I love it. But it hurts me.
It hurts me because my brain keeps going end over end, a tin pail tossed down a bumpy hill. Her talk is empowering, motivating, infuriating, flummoxing, both a confirmation of all that I’ve ever wanted to be and a refutation of it at the very same time. We want to trust our audiences and give away our stories but then my bowels kink and that other side kicks in, the blue-collar work-ethic of the pigment-maker and house-cleaner, can trust pay my bills and can free feed my family — if I fall backward, who would catch me? But the very act of choosing art-as-life is already an act of trust and hope and grabbing dreams out of the ether like leashing a fucking unicorn (not fucking a leashed unicorn because what is wrong with you?), and, and, and —
What does all this mean for writers, for storytellers? Music is a more complicated (and perhaps crueler) beast — an industry so unkind some of its hottest artists have gone poor, an industry ready to sue the tits off of everybody and everything hoping to ensure that someone who steals a song does more time in jail that someone who strangles an old lady for the ten dollars she hides in the foot of her walker. Musicians are visible, public, they go out in to the world, they can be the begging hat, the money cup, but writers are solitary shadows, we don’t see people at all.

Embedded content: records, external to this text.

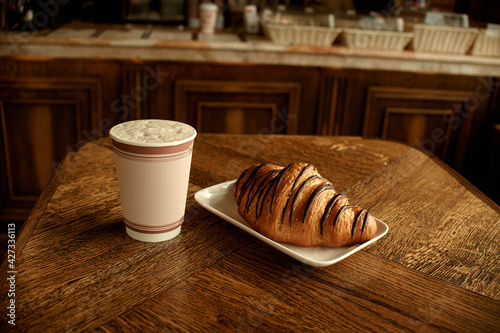 Croissant with coffee to go in a paper cup, take away breakfast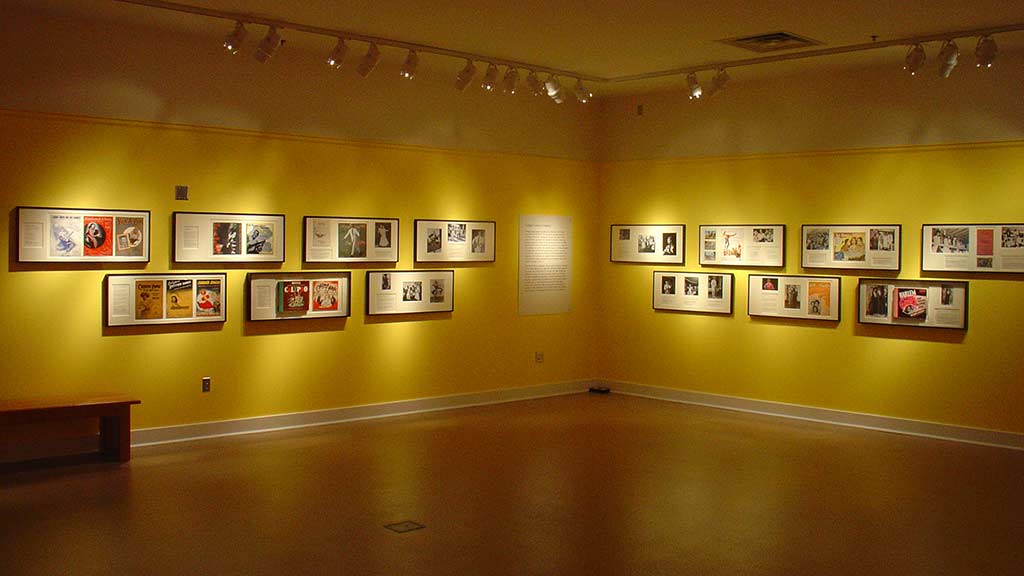 Additional photos of calypso hung on the yellow walls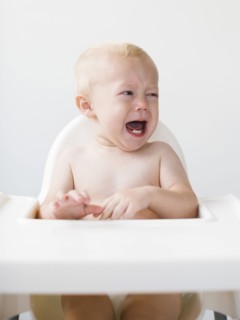 Baby boy (12-17 months) sitting in high chair and crying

Though, that’s not true at all, not today, not with the Internet. Now we gather in our little digital tribes and we connect with people in ways we never did — which AFP points out, of course. Look back and you see how it really has changed. When I read stories as a kid the authors were distant, separate from the tales they were telling, but that’s no longer true. The artists are present, the storytellers are here, practically next to me, able to answer me if I ask them a question. They’re no longer separate entities from their tales — we’ve entered the age not of Art, perhaps, but of the Artist (and once again AFP is there as evidence of this).
Can the Artist be anonymous?
Can the Artist be disconnected?
Is the Author separate from the story and from the audience who receives it?

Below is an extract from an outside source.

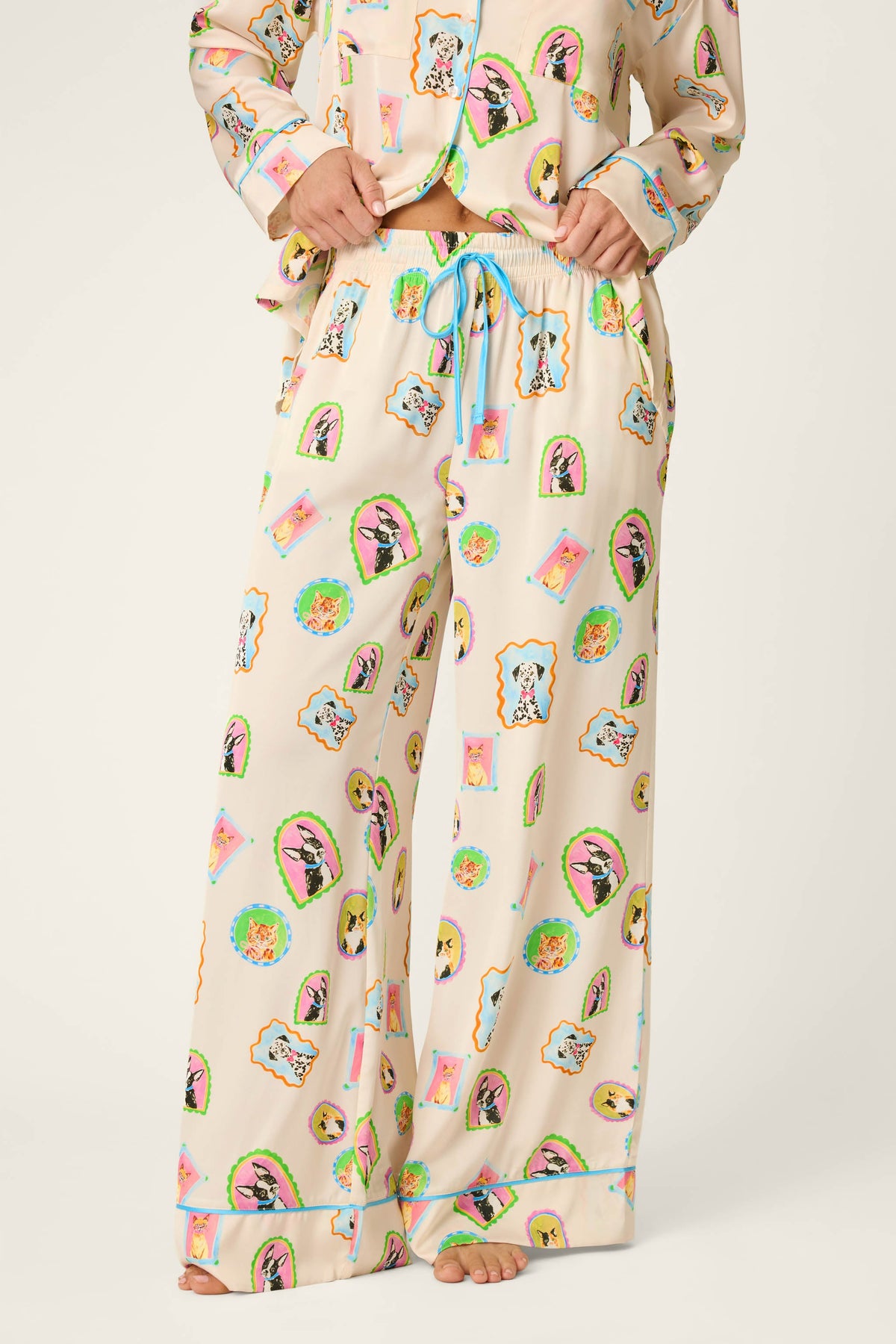 Woman wearing picture purfect silk pajama pants with matching long sleeve top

Is that even possible anymore?
So then I gotta ask — what does this all mean?
For writers and storytellers — those who write books, make comics, present films — what do we do? How do we take this tip-of-the-iceberg talk (for so much of the mountain lurks beneath the water) and make it real? How to put it in practice? Is it about giving things away? Everything? Something? Can that work for people who have no audience to start with? Can you just step out from the shadows of an unseen life and take that leap and hope someone will catch you by way of reading your work and putting a couple-few dollars in your pocket?

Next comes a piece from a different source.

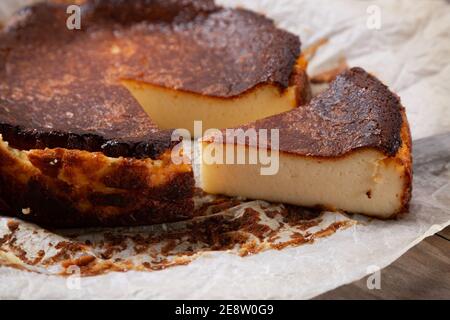 Traditioneller baskischer gebrannter Käsekuchen auf dem Backpapier Stockfoto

Does it mean giving away a novel for free? All novels? Does it mean blogging? Certainly that’s part of what I do here — I blog without promise of return, without certainty of financial gain, hoping and trusting that the readers here will eventually wind their way drunkenly toward my other work, hoping that I’m saying things that connect. Not to increase my brand because fuck my “brand,” I’m not a car company or a fucking soft drink. Nor is it to build a platform; I don’t want to stand above you but among you. I put myself out there maybe just because maybe I like squawking into the void and I hope some of you will squawk back.
I think at the very least it means, to go back to the thing I said so long ago:
If you’re going to be exposed, expose yourself.
Certainly Amanda Fucking Palmer owns that description, doesn’t she? She exposes herself in so many ways, artfully, musically, bodily, intellectually, and all of it an act of trust and wonder in her own control and on her own behalf. She may be the very emblem of exposing oneself.
Naked in all ways.
How do we connect? How do we put ourselves out there?
How do writers and storytellers ask for your attention and your help?
The audience is empowered. The artist is among them, not outside them.
We must make the connection easy. The bridge must be a short walk from audience to artist, from creator to collaborator. We all have to be a simple tweet away. A digital handshake, an invisible high-five. Stories that are not scarce or hidden but set on the box in the town square for all to see. Is that enough? Too much? Is that right for everybody? Wrong for too many?
Fuck. I really don’t know. But it continues to bake my noodle.
Which is a good thing, one supposes.
So much to think about. So complex. And wonderfully, mysteriously, maddeningly strange.
What now? What next?
Where are my pants?
Why am I naked?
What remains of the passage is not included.